Fest writes of a crucial moment in his childhood when he overheard his mother trying to convince his father, unemployed because of his anti-Nazi views, to join the party to be able to work again. Even if it is a lie, she told him, lies are the only weapon of small people. "We are not small people in a matter like this," Fest remembers his father replying. "Even if all others go along, ego non. Not me."
Fest began his career in radio but joined the Frankfurter Allgemeine (FAZ) newspaper as culture editor in 1973, a position he retained for 20 years.
During his tenure at the newspaper he published an essay by a right-wing historian suggesting that Germans turned to Nazi fascism - resulting in the Holocaust - as a reaction to the threat posed by Bolshevism.
The essay triggered the famous "Historikerstreit" historian dispute and left-wing intellectuals such as Jürgen Habermas accused Fest of siding with historical revisionists anxious to whitewash Germany's crimes.
Fest's 1973 Hitler biography, still the standard German-language work, marked a turning point in how Germans viewed the dictator. But, similar to discredited author David Irving, Fest was criticised for empathising with Hitler and using psychological analysis to justify the dictator's crimes.

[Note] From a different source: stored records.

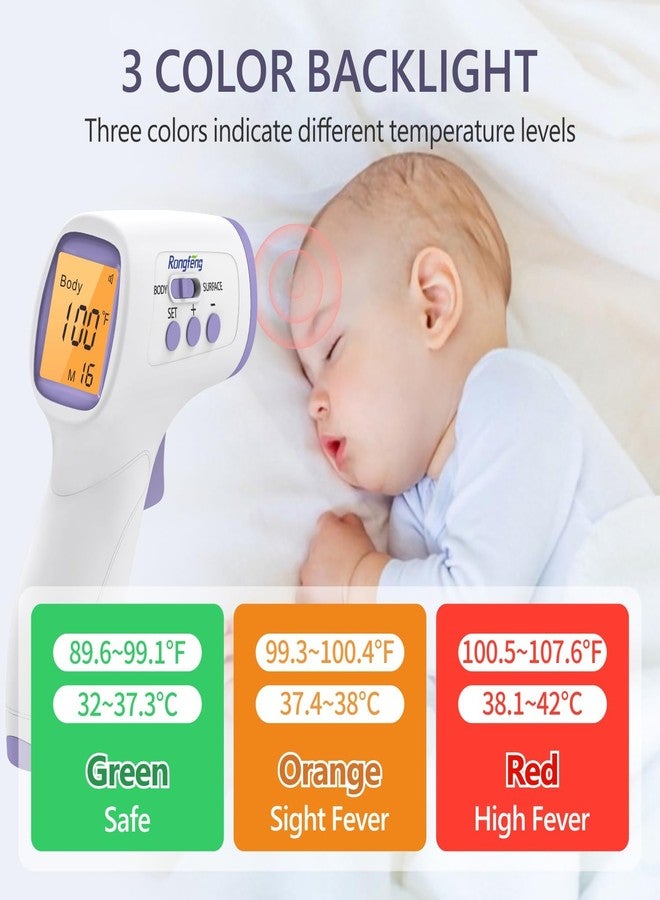 Rongfeng No-Touch Forehead Thermometer for Adults and Kids, Digital Thermometers with Fever Alarm, 3 Backlit and 32 Memories Fast Accurate Results, Easy for All Ages, Basal Thermometer - Image 4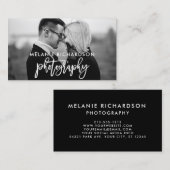 ブラシモダンスクリプト写真BW写真 名刺 (正面/裏面)
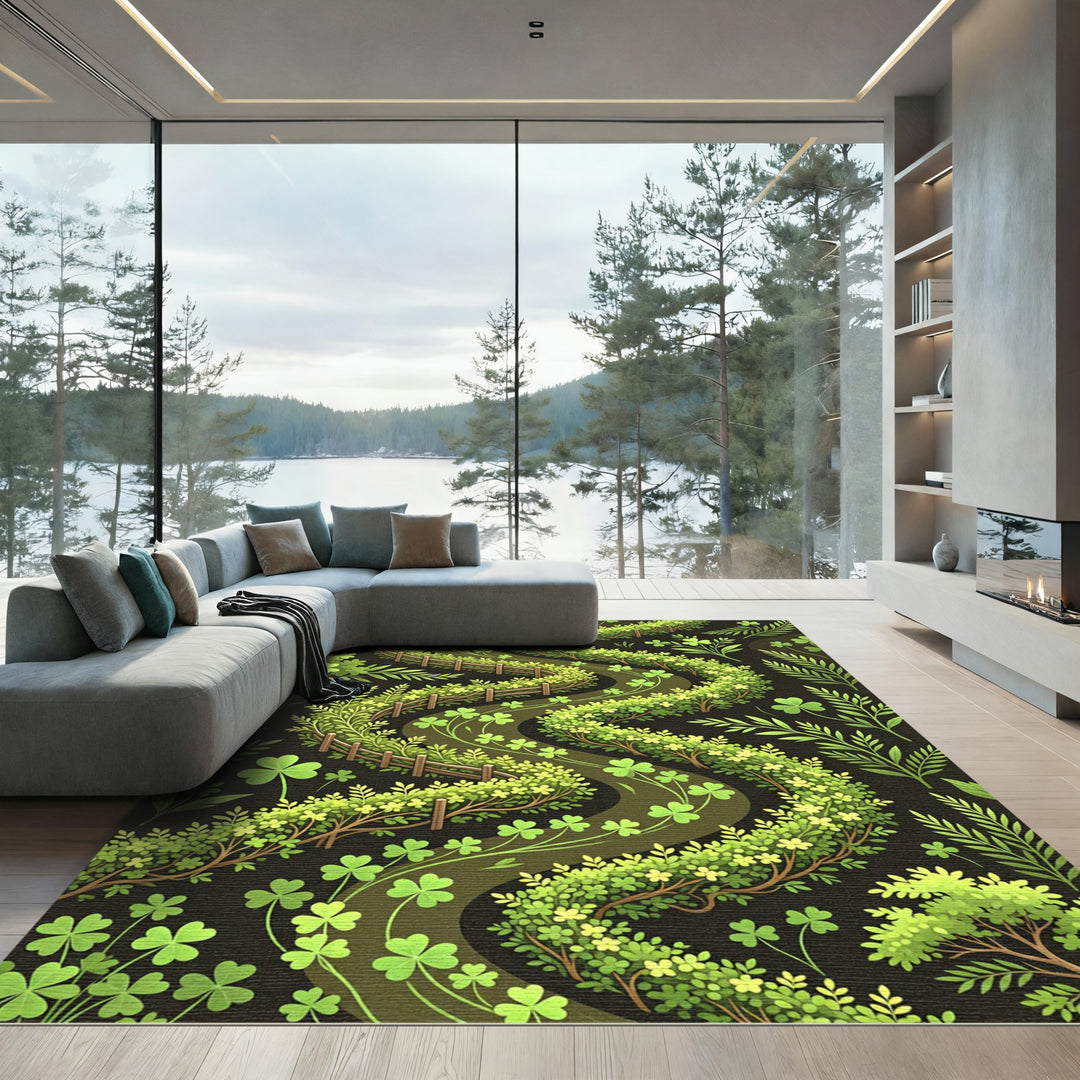 Lush Green Clover Pathway Rug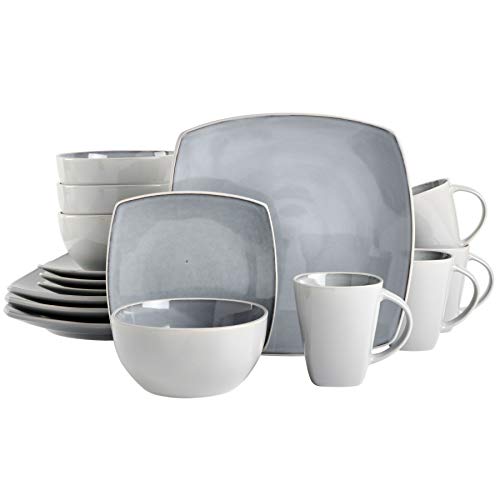 Gibson Elite Soho Lounge Square Reactive Glaze Stoneware Dinnerware Set, Service for 4 (16pc), Light Gray - color: Light Grey (Soho Lounge), size: Service for 4 (16pcs)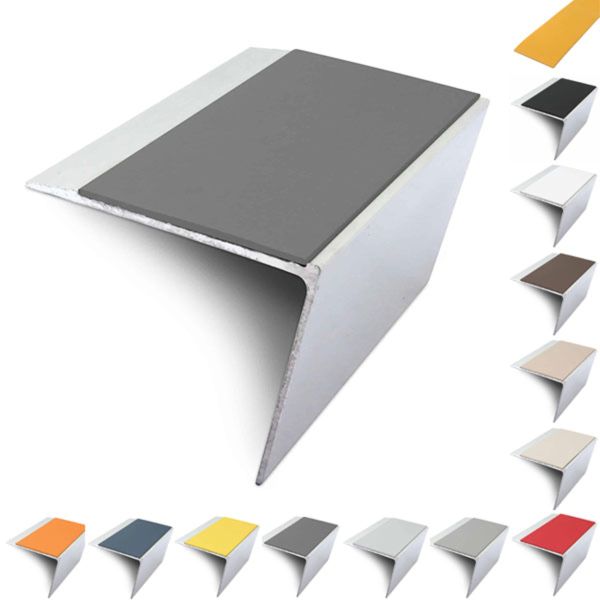 67mm x 55mm Aluminium Stair Nosing Edge Trim Rakeback With Pvc Insert DDA Compliant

Similar accusations dogged the autobiography which he co-authored with Albert Speer and the book on which the 2004 Hitler film Downfall was based.
His successor at the FAZ, Frank Schirrmacher, defended Fest's approach as a historian yesterday, saying: "He delivered masterful, ground-breaking psychograms of the perpetrators of National Socialism who, before that, were always portrayed as demons."